▸ **DESCRIPTION OF THE TASK**
Exclude any images and output the remaining records exactly.

▸ **Data items**
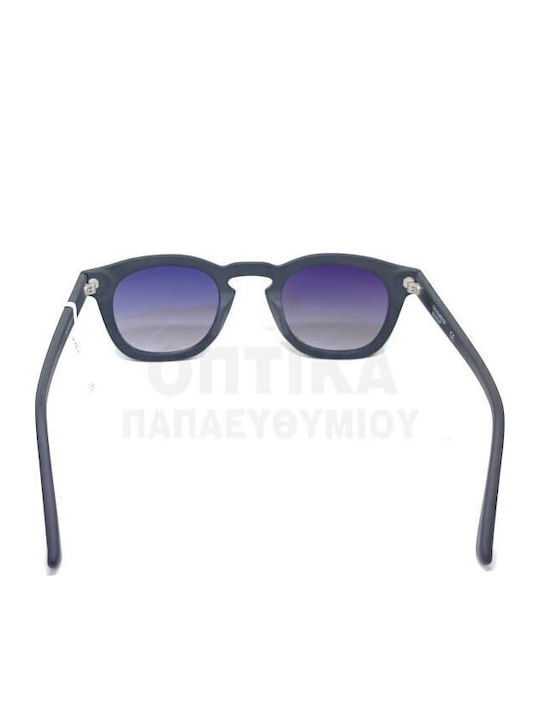 The Glass of Brixton Unisex Sunglasses with Black Plastic Frame and Black Gradient Lens BS236 01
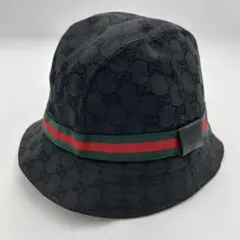GUCCI グッチ GGキャンバス　GG シェリーライン ハット Mサイズのサムネイル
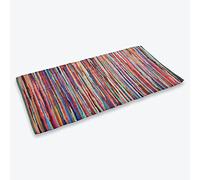 Allure Handmade Rag Rug - Multicoloured Chindi Rug Hallway Runner (60 x 180cm)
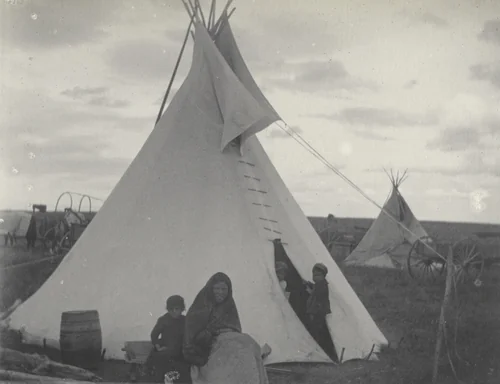 The old tipi life among the Sioux by Frances Benjamin Johnston, photograph, 1899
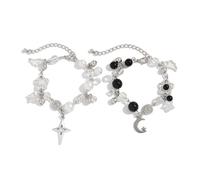 NHYHEHMR Tacco alto unica stella imitazione bracciale perle perla per la scarpa da donna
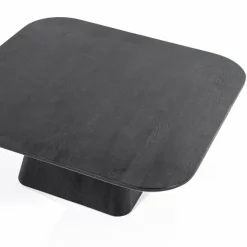 Eleonora Salontafel Aron vierkant 80x80 - zwart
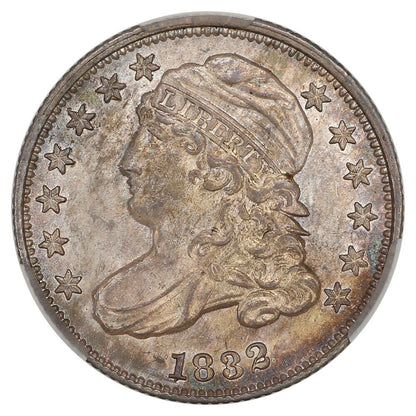 1832 10C CACG MS65 ex: D.L. Hansen - Capped Bust Dime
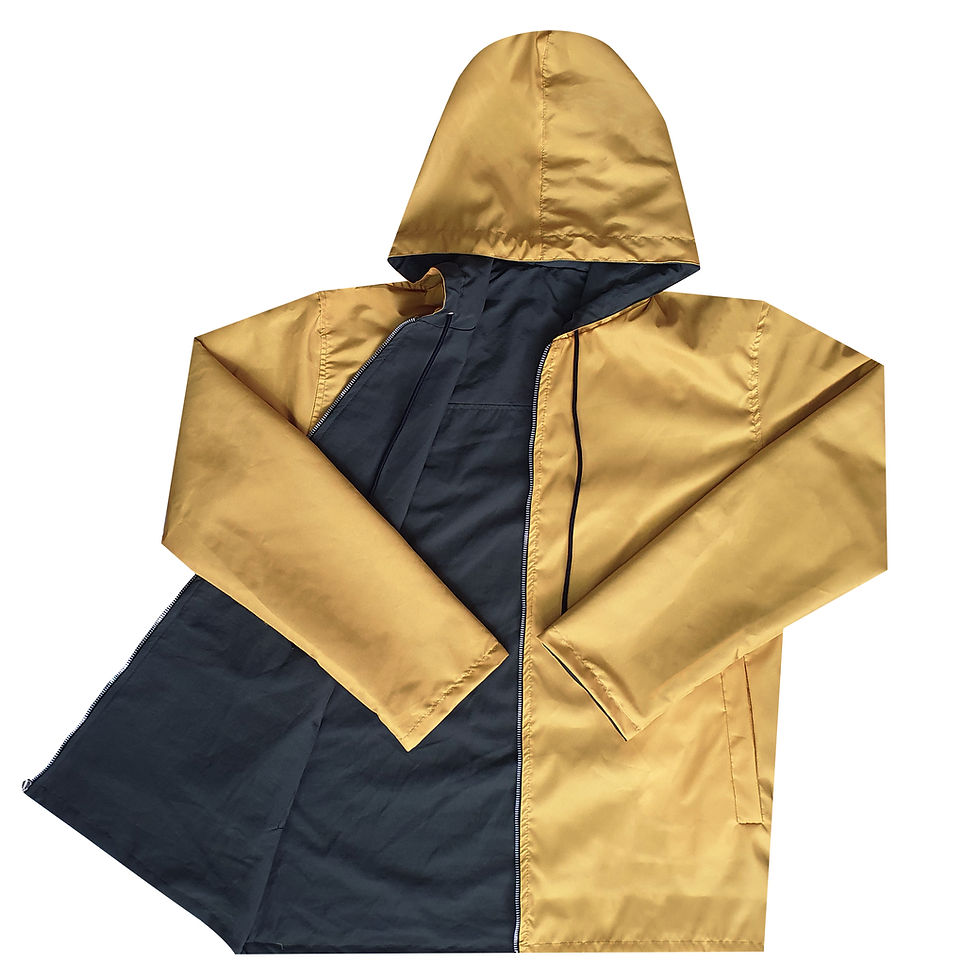 Parka Hombre Mostaza/VerdeOliva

▸ **ANSWER TO THIS TASK**
 The Glass of Brixton Unisex Sunglasses with Black Plastic Frame and Black Gradient Lens BS236 01
GUCCI グッチ GGキャンバス　GG シェリーライン ハット Mサイズのサムネイル
 Allure Handmade Rag Rug - Multicoloured Chindi Rug Hallway Runner (60 x 180cm)
 The old tipi life among the Sioux by Frances Benjamin Johnston, photograph, 1899
 NHYHEHMR Tacco alto unica stella imitazione bracciale perle perla per la scarpa da donna
 Eleonora Salontafel Aron vierkant 80x80 - zwart
 1832 10C CACG MS65 ex: D.L. Hansen - Capped Bust Dime
 Parka Hombre Mostaza/VerdeOliva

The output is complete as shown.